6 By the word of the Lord the heavens were made,
and by the breath of his mouth all their host.
7 He gathers the waters of the sea as a heap;
he puts the deeps in storehouses.

8 Let all the earth fear the Lord;
let all the inhabitants of the world stand in awe of him!
9 For he spoke, and it came to be;
he commanded, and it stood firm.

10 The Lord brings the counsel of the nations to nothing;
he frustrates the plans of the peoples.
11 The counsel of the Lord stands forever,
the plans of his heart to all generations.
12 Blessed is the nation whose God is the Lord,
the people whom he has chosen as his heritage!

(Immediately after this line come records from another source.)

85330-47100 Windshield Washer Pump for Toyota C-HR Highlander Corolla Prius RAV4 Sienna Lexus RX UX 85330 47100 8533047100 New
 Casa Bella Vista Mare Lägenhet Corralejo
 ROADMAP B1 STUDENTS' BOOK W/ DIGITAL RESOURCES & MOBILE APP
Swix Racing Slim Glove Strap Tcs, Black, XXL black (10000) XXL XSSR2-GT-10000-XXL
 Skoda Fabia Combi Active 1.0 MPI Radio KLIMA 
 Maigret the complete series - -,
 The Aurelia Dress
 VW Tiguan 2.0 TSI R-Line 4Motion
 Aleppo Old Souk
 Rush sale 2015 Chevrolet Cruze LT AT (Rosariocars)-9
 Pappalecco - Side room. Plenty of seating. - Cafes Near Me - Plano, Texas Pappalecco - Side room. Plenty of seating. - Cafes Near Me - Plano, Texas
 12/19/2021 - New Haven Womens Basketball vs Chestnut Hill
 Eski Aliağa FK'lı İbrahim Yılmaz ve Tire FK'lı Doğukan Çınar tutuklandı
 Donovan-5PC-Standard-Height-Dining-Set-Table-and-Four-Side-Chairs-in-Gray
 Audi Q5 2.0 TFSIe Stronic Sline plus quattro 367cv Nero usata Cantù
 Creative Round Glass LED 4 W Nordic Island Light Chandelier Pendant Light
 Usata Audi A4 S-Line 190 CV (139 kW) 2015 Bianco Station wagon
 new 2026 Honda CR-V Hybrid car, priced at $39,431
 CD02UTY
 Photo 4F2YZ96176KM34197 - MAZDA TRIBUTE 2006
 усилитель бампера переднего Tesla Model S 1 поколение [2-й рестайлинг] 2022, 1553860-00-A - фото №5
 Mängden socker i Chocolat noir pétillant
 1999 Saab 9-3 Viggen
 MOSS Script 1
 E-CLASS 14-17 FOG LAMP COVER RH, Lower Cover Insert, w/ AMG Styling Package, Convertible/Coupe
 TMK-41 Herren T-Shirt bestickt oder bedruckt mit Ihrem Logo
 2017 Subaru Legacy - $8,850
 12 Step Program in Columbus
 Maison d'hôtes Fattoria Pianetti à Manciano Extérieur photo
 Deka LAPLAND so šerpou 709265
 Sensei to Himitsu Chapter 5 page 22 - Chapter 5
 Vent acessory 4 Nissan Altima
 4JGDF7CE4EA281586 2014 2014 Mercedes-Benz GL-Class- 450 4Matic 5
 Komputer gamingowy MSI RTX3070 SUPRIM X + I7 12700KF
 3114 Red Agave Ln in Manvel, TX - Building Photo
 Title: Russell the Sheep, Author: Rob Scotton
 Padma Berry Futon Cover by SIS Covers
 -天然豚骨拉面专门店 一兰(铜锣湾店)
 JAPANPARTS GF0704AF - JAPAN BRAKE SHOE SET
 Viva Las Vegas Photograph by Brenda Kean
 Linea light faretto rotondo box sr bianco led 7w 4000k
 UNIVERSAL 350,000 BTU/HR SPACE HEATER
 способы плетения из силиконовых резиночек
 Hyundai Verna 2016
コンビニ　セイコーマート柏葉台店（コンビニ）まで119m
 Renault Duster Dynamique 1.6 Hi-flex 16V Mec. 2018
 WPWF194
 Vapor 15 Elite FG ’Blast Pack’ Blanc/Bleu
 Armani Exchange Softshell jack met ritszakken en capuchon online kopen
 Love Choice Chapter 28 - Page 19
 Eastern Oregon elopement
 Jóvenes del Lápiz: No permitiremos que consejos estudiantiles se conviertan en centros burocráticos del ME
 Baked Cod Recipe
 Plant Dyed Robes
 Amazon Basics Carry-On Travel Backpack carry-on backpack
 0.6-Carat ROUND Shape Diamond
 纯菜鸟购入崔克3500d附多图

13 The Lord looks down from heaven;
he sees all the children of man;
14 from where he sits enthroned he looks out
on all the inhabitants of the earth,
15 he who fashions the hearts of them all
and observes all their deeds.
16 The king is not saved by his great army;
a warrior is not delivered by his great strength.
17 The war horse is a false hope for salvation,
and by its great might it cannot rescue.

18 Behold, the eye of the Lord is on those who fear him,
on those who hope in his steadfast love,
19 that he may deliver their soul from death
and keep them alive in famine.

20 Our soul waits for the Lord;
he is our help and our shield.
21 For our heart is glad in him,
because we trust in his holy name.
22 Let your steadfast love, O Lord, be upon us,
even as we hope in you.

Psalm 57:5
*Be exalted, O God, above the heavens! Let your glory be over all the earth!*

Hab. 2:18 “What profit is an idol
when its maker has shaped it,
a metal image, a teacher of lies?
For its maker trusts in his own creation
when he makes speechless idols!
19 Woe to him who says to a wooden thing, Awake;
to a silent stone, Arise!
Can this teach?
Behold, it is overlaid with gold and silver,
and there is no breath at all in it.
20 But the Lord is in his holy temple;
let all the earth keep silence before him.”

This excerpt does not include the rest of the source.